>>>
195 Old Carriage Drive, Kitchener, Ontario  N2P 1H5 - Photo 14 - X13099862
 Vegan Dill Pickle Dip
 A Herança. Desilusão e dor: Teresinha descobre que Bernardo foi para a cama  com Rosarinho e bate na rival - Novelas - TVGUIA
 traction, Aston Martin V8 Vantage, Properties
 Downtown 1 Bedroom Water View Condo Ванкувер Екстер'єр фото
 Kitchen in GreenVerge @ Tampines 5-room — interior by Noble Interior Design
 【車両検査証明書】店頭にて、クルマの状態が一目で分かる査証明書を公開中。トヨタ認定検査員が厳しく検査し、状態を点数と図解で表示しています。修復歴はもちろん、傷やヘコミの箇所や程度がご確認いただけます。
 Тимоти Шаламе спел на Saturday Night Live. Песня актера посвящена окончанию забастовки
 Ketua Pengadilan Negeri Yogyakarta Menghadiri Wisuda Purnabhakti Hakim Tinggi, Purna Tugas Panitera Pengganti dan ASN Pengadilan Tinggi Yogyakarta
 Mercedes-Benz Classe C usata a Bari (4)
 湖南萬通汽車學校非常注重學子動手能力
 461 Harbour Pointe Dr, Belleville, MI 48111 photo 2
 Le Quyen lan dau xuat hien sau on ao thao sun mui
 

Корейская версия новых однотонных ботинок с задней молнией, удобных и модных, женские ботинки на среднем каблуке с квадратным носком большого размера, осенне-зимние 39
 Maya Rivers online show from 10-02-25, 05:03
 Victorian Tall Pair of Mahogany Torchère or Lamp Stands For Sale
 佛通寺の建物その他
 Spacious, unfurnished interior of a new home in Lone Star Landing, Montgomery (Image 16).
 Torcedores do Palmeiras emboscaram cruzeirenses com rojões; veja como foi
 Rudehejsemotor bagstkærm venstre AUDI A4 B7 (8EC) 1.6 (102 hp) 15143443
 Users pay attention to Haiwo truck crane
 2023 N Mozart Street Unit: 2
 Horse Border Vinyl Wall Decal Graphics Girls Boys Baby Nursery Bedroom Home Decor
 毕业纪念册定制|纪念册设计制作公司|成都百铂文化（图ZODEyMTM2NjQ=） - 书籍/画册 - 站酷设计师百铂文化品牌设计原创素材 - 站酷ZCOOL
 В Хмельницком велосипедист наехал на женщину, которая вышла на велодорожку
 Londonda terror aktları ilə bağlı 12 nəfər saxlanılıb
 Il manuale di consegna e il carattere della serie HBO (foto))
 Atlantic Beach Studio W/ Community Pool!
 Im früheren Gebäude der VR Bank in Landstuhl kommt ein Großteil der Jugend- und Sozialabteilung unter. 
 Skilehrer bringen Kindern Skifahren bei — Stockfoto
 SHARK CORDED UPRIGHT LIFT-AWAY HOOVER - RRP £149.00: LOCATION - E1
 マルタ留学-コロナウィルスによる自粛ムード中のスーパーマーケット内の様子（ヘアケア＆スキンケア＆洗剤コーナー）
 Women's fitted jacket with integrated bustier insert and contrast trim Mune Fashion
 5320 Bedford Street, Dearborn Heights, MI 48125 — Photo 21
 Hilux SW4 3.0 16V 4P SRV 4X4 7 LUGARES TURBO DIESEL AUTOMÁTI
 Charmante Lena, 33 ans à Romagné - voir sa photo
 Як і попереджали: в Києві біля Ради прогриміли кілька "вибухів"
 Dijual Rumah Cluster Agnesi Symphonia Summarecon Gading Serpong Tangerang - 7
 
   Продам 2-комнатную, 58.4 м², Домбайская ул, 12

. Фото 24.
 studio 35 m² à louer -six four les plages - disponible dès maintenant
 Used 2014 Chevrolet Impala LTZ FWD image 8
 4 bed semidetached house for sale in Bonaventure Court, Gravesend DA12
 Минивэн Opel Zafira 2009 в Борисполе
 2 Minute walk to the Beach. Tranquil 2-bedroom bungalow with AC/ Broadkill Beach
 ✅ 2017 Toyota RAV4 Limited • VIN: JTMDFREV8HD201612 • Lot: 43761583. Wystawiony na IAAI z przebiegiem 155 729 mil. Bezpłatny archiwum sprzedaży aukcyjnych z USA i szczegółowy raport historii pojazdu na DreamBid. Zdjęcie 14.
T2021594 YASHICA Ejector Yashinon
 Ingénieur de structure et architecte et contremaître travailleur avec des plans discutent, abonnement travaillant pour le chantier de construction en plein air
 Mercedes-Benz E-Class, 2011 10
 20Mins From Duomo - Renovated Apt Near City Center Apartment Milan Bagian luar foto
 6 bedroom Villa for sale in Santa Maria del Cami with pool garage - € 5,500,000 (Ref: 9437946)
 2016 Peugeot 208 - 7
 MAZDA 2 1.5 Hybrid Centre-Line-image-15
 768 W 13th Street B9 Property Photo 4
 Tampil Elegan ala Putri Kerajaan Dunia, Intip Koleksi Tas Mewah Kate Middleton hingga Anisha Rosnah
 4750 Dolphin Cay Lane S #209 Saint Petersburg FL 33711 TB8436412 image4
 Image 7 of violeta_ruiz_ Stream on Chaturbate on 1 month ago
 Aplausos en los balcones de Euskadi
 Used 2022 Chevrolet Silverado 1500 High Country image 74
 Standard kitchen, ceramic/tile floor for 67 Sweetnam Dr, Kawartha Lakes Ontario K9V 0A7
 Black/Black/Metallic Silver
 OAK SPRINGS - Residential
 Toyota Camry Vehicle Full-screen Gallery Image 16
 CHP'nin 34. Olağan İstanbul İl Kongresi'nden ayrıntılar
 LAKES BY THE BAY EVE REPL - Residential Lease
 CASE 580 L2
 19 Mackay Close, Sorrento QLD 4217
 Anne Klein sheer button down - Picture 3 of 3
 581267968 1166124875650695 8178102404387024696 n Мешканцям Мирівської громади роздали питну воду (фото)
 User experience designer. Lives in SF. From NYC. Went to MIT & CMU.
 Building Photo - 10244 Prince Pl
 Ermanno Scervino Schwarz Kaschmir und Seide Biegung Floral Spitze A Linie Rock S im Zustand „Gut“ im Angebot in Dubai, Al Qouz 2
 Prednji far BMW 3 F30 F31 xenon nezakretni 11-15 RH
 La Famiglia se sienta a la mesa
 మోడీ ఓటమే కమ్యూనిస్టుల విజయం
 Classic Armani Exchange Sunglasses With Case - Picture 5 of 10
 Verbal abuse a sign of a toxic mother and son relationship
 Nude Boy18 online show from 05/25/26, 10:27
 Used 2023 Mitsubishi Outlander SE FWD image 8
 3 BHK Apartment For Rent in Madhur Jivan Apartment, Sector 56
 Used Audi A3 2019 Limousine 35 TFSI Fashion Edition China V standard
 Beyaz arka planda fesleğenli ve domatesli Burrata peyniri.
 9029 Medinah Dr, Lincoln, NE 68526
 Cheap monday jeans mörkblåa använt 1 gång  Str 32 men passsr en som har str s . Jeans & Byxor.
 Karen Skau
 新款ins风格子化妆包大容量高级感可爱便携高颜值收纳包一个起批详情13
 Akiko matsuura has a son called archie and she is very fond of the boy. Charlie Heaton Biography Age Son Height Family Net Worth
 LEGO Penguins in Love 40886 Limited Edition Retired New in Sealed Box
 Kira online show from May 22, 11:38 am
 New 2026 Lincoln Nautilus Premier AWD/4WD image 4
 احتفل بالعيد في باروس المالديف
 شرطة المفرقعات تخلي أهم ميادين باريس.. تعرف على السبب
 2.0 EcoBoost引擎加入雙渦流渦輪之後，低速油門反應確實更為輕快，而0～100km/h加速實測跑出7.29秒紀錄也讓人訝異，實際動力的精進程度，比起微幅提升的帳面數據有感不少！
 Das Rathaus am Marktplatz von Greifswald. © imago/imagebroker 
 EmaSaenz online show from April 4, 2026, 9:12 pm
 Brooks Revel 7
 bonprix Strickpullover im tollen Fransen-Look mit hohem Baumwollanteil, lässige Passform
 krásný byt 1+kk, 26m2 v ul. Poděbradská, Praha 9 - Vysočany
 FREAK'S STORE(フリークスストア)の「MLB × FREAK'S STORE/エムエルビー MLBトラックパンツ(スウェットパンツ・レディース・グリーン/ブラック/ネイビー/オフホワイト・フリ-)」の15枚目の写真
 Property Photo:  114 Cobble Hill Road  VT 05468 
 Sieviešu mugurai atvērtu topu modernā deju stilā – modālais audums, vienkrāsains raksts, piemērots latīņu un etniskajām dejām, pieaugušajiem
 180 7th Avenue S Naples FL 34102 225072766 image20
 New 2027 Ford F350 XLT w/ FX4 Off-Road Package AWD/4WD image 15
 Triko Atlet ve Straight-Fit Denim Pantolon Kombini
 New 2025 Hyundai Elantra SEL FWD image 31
<<<
Repeat, word for word, the lines from the opening of the material through the line containing "Downtown 1 Bedroom".

195 Old Carriage Drive, Kitchener, Ontario  N2P 1H5 - Photo 14 - X13099862
 Vegan Dill Pickle Dip
 A Herança. Desilusão e dor: Teresinha descobre que Bernardo foi para a cama  com Rosarinho e bate na rival - Novelas - TVGUIA
 traction, Aston Martin V8 Vantage, Properties
 Downtown 1 Bedroom Water View Condo Ванкувер Екстер'єр фото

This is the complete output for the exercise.